Code Monkey home page Code Monkey logo

git-repo-sync's Introduction

git-repo-sync

Synchronization of Branches between Remote Git-repositories

  • The git-repo-sync is a bash script that synchronizes branches between two remote Git-repositories.
    • Git-tags are not synchronized.
  • You configure once what branches to synchronize and how.
    • You have to investigate some time to understand git-repo-sync conflict solving strategies and configuring.
  • Your run git-repo-sync periodically, preferebly every few minutes.

Warning! Before reading the following keep in mind the difference between local and remote Git repositories.

If your people push (commit) often to a single synchronized Git-branch and do it to different remote Git-repositories, then:

  • Run git-repo-sync before pushing to such the branch.

Manual Action of Synchronization

If someone pushed to the same branch (to another remote repo) in between the runing of git-repo-sync and your pusing. In this case:

  • Run git-repo-sync
  • Udpate your local repository (git fetch).
  • Check if your commits (push) wasn't deleted from your remote Git-repository. (FYI. You local commits in your local repository will not be changed!)
  • If it was deleted in the remote repo:
  • merge, rebase, etc., your local branch over the latest remote commits;
  • repeat Git-push for your branch.
  • Repeat everything until your pushed branch will be in expected commits in your remote Git-repository.

This situation is covered by notifications but you have to configure this by yourlself in your enterprise environment.

Use Cases

  • Adhesion of Git-remote-repositories of clients and software/support suppliers.
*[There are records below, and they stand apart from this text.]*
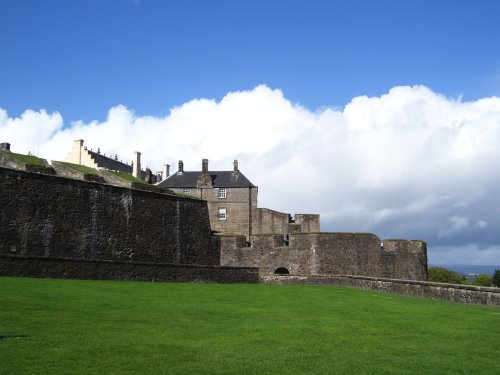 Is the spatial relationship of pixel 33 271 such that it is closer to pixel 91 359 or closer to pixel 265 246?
pixel 91 359

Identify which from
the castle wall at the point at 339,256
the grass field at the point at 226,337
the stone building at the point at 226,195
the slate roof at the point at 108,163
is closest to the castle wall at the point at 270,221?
the stone building at the point at 226,195

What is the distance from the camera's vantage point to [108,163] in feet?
180

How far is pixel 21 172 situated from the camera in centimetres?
2300

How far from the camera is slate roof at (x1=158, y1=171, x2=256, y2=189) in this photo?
5151 centimetres

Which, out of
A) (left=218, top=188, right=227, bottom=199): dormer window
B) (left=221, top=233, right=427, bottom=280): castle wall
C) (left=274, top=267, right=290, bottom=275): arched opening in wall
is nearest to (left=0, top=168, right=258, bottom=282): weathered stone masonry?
(left=221, top=233, right=427, bottom=280): castle wall

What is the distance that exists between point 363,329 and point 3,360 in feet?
21.8

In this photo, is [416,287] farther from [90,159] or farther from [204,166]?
[90,159]

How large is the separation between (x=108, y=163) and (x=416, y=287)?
40.2m

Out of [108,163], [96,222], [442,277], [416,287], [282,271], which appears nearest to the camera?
[416,287]

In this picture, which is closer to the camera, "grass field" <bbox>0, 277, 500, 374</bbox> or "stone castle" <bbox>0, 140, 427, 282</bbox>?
"grass field" <bbox>0, 277, 500, 374</bbox>

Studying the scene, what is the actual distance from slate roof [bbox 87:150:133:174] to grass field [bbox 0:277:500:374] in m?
38.5

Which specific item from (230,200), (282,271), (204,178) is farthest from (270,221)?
(282,271)

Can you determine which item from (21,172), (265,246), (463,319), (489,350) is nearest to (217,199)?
(265,246)

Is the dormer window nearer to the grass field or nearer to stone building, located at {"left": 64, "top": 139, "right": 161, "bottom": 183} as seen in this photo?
stone building, located at {"left": 64, "top": 139, "right": 161, "bottom": 183} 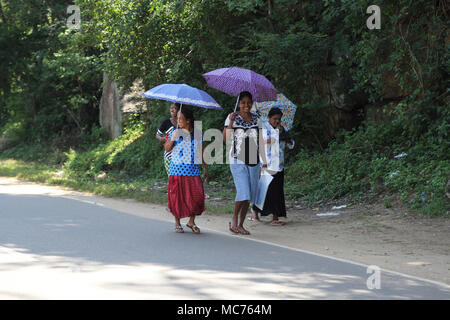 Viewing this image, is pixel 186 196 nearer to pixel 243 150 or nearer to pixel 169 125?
pixel 243 150

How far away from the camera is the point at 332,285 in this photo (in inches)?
247

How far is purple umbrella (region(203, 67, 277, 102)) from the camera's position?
10.2 metres

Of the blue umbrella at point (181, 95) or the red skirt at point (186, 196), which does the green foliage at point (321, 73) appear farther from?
the blue umbrella at point (181, 95)

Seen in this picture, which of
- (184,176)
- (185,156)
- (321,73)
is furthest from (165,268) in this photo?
(321,73)

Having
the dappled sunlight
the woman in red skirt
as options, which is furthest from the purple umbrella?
the dappled sunlight

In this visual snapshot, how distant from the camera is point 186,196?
31.2ft

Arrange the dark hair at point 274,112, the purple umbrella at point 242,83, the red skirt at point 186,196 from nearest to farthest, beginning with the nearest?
the red skirt at point 186,196 → the purple umbrella at point 242,83 → the dark hair at point 274,112

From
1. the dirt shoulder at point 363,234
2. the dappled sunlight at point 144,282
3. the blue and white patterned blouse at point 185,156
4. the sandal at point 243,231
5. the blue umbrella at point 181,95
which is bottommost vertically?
the dirt shoulder at point 363,234

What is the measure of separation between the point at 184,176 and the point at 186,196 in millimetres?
312

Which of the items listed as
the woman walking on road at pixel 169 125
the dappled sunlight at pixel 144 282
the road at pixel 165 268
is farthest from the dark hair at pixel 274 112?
the dappled sunlight at pixel 144 282

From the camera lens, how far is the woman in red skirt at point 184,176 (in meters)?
9.51

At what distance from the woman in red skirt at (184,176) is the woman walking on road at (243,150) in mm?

Temporary or permanent.
  • Independence from an external remote Git repository if it is slow and could be out of service time after time.
  • You software teams have independent Git remote repositories.

Requirements

  • Install Git
  • Use bash to run git-repo-sync. (It is not tested for zsh)
  • Tune any automation to run git-repo-sync periodically - crones, schedulers, Jenkins, GitLab-CI, etc. Or run it periodically yourself.
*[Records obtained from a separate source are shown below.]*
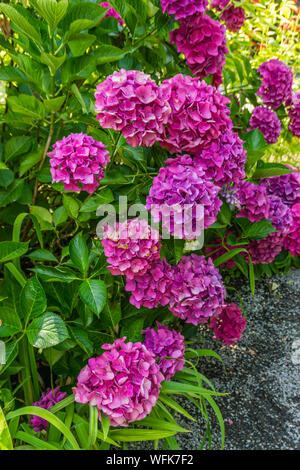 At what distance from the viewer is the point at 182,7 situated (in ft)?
3.48

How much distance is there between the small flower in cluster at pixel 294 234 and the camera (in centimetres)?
172

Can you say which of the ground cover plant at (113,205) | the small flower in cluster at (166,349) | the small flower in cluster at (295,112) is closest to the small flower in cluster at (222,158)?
the ground cover plant at (113,205)

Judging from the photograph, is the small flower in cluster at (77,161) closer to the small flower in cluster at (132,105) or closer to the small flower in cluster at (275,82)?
the small flower in cluster at (132,105)

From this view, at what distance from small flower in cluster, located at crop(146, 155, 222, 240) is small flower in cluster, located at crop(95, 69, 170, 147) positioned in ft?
0.35

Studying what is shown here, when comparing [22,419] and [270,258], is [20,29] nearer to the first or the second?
[22,419]

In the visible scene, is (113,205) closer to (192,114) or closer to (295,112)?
(192,114)

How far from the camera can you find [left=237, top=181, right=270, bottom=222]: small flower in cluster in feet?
4.30

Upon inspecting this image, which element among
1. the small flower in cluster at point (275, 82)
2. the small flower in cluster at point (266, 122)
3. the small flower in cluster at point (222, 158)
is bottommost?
the small flower in cluster at point (222, 158)

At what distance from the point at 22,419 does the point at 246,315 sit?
1.00 metres

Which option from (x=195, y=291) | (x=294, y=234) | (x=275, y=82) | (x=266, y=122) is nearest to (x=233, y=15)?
(x=275, y=82)

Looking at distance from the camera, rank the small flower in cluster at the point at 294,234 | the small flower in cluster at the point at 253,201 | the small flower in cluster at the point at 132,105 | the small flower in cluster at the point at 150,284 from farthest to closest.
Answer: the small flower in cluster at the point at 294,234
the small flower in cluster at the point at 253,201
the small flower in cluster at the point at 150,284
the small flower in cluster at the point at 132,105

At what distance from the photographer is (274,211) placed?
4.83 feet

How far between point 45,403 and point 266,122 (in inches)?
46.9


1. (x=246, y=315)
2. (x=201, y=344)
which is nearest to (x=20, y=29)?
(x=201, y=344) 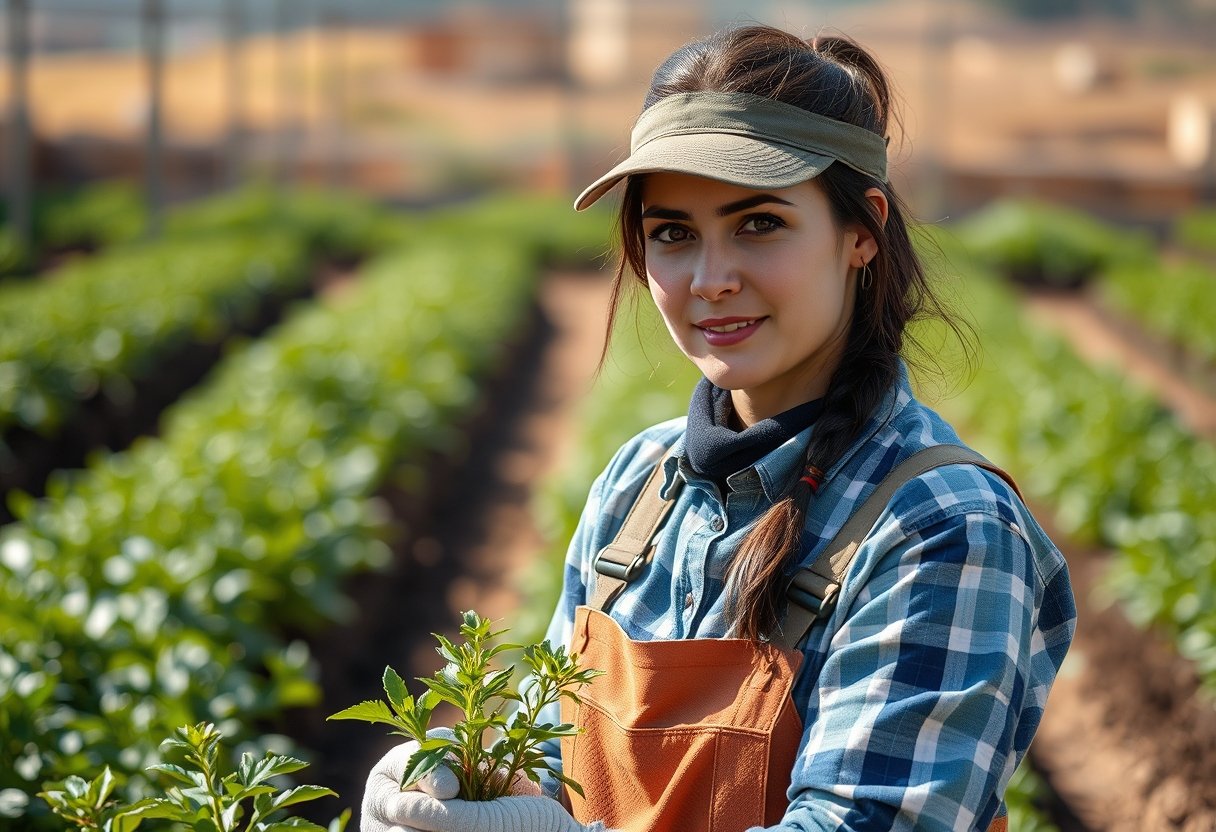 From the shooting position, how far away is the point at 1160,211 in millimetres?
24562

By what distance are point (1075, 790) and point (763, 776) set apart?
3303 mm

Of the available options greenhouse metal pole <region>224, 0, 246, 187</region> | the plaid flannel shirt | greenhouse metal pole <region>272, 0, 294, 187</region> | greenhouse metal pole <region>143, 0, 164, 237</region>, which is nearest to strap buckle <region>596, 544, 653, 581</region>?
the plaid flannel shirt

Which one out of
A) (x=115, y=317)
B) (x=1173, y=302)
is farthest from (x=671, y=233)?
(x=1173, y=302)

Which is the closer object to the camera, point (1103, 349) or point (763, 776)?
point (763, 776)

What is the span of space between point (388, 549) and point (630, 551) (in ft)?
13.7

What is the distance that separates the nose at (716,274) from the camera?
1777 millimetres

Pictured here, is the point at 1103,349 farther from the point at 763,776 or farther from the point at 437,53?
the point at 437,53

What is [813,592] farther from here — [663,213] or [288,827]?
[288,827]

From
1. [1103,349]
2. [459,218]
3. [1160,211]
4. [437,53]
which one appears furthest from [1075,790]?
[437,53]

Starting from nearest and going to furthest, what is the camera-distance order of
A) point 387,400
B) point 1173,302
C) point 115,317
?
point 387,400 → point 115,317 → point 1173,302

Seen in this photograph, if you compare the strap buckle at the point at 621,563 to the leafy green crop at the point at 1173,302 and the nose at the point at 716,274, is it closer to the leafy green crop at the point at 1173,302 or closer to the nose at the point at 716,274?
the nose at the point at 716,274

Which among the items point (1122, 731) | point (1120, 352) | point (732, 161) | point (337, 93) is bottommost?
point (1120, 352)

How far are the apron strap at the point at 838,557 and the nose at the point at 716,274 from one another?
33cm

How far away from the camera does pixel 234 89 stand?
21906 mm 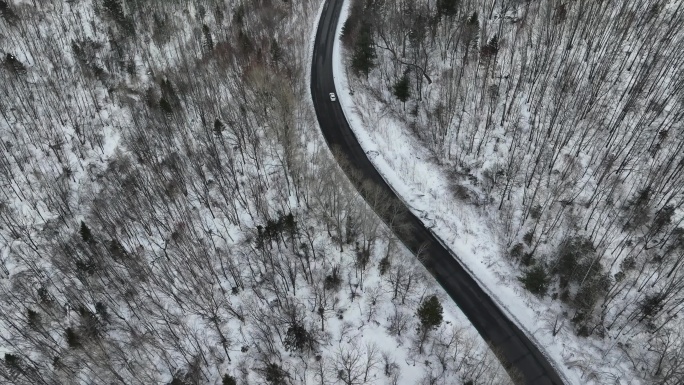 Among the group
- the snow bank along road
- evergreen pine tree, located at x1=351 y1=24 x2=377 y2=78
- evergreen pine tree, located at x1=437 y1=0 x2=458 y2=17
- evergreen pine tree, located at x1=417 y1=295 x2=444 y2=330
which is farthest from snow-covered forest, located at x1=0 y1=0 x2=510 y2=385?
evergreen pine tree, located at x1=437 y1=0 x2=458 y2=17

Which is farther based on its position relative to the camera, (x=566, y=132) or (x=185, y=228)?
(x=566, y=132)

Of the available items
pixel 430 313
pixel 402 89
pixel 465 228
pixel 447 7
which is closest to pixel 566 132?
pixel 465 228

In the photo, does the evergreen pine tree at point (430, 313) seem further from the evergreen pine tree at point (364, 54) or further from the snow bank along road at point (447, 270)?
the evergreen pine tree at point (364, 54)

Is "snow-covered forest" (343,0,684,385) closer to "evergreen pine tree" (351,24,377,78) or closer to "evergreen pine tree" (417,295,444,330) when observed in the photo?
"evergreen pine tree" (351,24,377,78)

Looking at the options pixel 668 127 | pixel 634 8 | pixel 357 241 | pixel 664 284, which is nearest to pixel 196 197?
pixel 357 241

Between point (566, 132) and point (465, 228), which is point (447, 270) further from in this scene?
point (566, 132)

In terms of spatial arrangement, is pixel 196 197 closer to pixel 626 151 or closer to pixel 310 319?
pixel 310 319

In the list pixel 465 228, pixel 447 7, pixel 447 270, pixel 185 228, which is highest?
pixel 447 7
This is enough for Windows, Arch based Linux (Manjaro), GNU based Linux

macOS Additional Requirements

  • Update bash by running (restart your shell after this)
    • brew install bash
  • Install gAWK (GNU AWK)
    • brew install gawk

Ubuntu Additional Requirements

  • Install gAWK (GNU AWK).

Other Linux Additional Requirements

How to use

Copy git-repo-sync somewhere

git clone https://github.com/it3xl/git-repo-sync.git

Let git-repo-sync know location of your remote Git repositories.
Modify url_a and url_b variables in default_sync_project.sh.
You can use URL-s and file paths.

url_a=https://example.com/git/my_repo.git

url_b='/c/my-folder/my-local-git-repo-folder'

Run periodically the git-sync.sh file, which is located in the root of git-repo-sync.

bash  git-sync.sh

The git-sync.sh will tell you if there are any troubles. For example you need to update awk to gAWK in Ubuntu.

The Trade-off

The Trade-off is an automated Git-conflict solving logic of git-repo-sync.

Even if you run git-repo-sync periodically and often, you still have a chance to get a Git-conflict. But a small chance.
So, you must know what to do in case of Git-conflicts solved by git-repo-sync.

Minimize chances of The Trade-off

Run git-repo-sync before Git-pushing. I.e. synchronize your both Git-remote-repos before pushing into any of them.
In this case, Git will be responsible for conflict resolution, not git-repo-sync.

When git-repo-sync will be solving the conflicts.

You should have the both

  • You run git-repo-sync rarely. I.e. someone aready pushed commites exactly to your branch after last running of git-repo-sync.
  • And you and your teammate have pushed changes to the same Git-branch but through different remote repositories and your remote repositories are no synchronized between your Git-pushes.

Basically, you don't know about git-repo-sync until you are in this situation.

Behavior of git-repo-sync in case of Git-conflicst

git-repo-sync sees a Git-conflict and uses one of Conflict Solving strategies described below.
As a result, you should provide the below steps to fix The Trade-off.

Your steps to fix The Trade-off

The main idea is "Re-push your local Git-commit in case of a conflict".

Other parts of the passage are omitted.